▶ **Task requirements**
Output only the lines of the entries that follow, starting at the one with "Écran de progrès Quitzilla : Café" and running down to the one with "Job vacancy trend for Architect in East Sussex Job", both included and unchanged.

▶ **Recorded data**

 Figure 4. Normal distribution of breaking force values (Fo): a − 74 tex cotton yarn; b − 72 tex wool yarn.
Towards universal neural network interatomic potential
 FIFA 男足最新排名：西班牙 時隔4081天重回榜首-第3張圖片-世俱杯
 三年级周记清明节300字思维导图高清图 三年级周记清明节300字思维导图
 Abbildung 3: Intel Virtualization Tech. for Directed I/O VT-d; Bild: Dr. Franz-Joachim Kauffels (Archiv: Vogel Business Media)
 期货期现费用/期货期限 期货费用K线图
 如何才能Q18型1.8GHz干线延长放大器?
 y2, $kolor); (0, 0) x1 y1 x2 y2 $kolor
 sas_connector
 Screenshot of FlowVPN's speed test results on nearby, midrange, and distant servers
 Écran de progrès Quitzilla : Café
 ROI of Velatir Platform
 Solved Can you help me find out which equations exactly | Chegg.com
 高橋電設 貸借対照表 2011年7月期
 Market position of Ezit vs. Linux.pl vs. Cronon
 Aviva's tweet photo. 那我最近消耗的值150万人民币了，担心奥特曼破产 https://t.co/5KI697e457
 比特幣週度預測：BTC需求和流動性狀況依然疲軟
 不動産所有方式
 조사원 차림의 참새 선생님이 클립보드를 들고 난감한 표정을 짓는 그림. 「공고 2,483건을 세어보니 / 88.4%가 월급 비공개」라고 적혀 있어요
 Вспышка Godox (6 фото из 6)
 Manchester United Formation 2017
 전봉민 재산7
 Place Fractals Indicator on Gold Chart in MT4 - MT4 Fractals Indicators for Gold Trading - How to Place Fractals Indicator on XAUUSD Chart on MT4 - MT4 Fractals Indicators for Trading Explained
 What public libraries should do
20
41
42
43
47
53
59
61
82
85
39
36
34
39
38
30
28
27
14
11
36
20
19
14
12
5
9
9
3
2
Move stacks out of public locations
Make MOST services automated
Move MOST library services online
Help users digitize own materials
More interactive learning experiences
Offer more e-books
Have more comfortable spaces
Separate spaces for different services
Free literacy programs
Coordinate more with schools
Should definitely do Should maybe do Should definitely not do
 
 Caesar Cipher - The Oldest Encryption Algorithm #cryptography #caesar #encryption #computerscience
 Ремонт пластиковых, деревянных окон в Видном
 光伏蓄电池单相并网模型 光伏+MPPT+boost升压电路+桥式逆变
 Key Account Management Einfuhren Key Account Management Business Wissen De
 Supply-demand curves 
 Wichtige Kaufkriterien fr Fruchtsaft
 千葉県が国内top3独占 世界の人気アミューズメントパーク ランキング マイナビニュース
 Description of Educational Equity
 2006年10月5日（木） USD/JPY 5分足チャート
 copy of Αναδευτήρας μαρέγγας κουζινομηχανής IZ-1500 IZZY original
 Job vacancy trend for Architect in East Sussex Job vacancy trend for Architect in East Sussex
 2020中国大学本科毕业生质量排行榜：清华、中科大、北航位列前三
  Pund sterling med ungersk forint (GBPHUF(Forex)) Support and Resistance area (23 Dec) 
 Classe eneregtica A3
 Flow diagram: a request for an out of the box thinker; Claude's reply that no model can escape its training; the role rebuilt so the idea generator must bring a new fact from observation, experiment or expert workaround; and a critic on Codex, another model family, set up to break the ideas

▶ **Expected output**
 Écran de progrès Quitzilla : Café
 ROI of Velatir Platform
 Solved Can you help me find out which equations exactly | Chegg.com
 高橋電設 貸借対照表 2011年7月期
 Market position of Ezit vs. Linux.pl vs. Cronon
 Aviva's tweet photo. 那我最近消耗的值150万人民币了，担心奥特曼破产 https://t.co/5KI697e457
 比特幣週度預測：BTC需求和流動性狀況依然疲軟
 不動産所有方式
 조사원 차림의 참새 선생님이 클립보드를 들고 난감한 표정을 짓는 그림. 「공고 2,483건을 세어보니 / 88.4%가 월급 비공개」라고 적혀 있어요
 Вспышка Godox (6 фото из 6)
 Manchester United Formation 2017
 전봉민 재산7
 Place Fractals Indicator on Gold Chart in MT4 - MT4 Fractals Indicators for Gold Trading - How to Place Fractals Indicator on XAUUSD Chart on MT4 - MT4 Fractals Indicators for Trading Explained
 What public libraries should do
20
41
42
43
47
53
59
61
82
85
39
36
34
39
38
30
28
27
14
11
36
20
19
14
12
5
9
9
3
2
Move stacks out of public locations
Make MOST services automated
Move MOST library services online
Help users digitize own materials
More interactive learning experiences
Offer more e-books
Have more comfortable spaces
Separate spaces for different services
Free literacy programs
Coordinate more with schools
Should definitely do Should maybe do Should definitely not do
 
 Caesar Cipher - The Oldest Encryption Algorithm #cryptography #caesar #encryption #computerscience
 Ремонт пластиковых, деревянных окон в Видном
 光伏蓄电池单相并网模型 光伏+MPPT+boost升压电路+桥式逆变
 Key Account Management Einfuhren Key Account Management Business Wissen De
 Supply-demand curves 
 Wichtige Kaufkriterien fr Fruchtsaft
 千葉県が国内top3独占 世界の人気アミューズメントパーク ランキング マイナビニュース
 Description of Educational Equity
 2006年10月5日（木） USD/JPY 5分足チャート
 copy of Αναδευτήρας μαρέγγας κουζινομηχανής IZ-1500 IZZY original
 Job vacancy trend for Architect in East Sussex Job vacancy trend for Architect in East Sussex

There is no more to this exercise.